Dataset entries:
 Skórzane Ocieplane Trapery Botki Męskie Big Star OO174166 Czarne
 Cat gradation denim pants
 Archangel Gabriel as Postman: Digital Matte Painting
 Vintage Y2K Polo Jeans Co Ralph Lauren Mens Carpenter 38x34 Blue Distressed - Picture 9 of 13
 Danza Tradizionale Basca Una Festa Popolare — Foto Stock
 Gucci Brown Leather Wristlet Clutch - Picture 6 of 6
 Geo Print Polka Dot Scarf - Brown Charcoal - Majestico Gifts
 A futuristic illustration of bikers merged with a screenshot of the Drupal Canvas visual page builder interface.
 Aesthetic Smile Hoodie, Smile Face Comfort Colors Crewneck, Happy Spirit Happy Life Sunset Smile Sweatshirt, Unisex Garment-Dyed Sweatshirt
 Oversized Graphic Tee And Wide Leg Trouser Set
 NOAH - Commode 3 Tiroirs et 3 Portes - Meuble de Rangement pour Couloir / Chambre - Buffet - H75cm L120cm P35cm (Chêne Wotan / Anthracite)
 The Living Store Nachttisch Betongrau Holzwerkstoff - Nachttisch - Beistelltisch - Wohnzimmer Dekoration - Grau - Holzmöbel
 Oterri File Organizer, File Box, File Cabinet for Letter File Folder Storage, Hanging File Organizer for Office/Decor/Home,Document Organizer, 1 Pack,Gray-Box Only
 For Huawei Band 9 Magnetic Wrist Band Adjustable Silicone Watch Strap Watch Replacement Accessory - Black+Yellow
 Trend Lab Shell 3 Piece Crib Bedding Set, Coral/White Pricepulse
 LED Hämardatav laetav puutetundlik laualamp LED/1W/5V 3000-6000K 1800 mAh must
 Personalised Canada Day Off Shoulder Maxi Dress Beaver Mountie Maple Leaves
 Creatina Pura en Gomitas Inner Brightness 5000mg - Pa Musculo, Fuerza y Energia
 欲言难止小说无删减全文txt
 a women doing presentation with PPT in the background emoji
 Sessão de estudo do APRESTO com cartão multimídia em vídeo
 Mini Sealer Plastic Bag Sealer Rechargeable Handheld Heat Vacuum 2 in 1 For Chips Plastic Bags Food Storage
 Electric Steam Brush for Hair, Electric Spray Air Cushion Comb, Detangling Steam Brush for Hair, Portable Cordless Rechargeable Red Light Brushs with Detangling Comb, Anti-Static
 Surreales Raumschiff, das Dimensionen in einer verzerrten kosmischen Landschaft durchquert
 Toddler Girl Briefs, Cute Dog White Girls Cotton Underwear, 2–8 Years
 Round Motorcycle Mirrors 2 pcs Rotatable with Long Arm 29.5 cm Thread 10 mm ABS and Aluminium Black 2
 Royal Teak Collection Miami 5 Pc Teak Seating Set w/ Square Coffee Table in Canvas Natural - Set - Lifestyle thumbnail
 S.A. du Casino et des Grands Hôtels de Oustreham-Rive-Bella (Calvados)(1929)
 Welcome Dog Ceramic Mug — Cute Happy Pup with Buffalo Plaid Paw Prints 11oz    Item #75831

What is being asked:
Which of the lines above hold the string "Brown"? Copy each one.

Your response:
 Gucci Brown Leather Wristlet Clutch - Picture 6 of 6
 Geo Print Polka Dot Scarf - Brown Charcoal - Majestico Gifts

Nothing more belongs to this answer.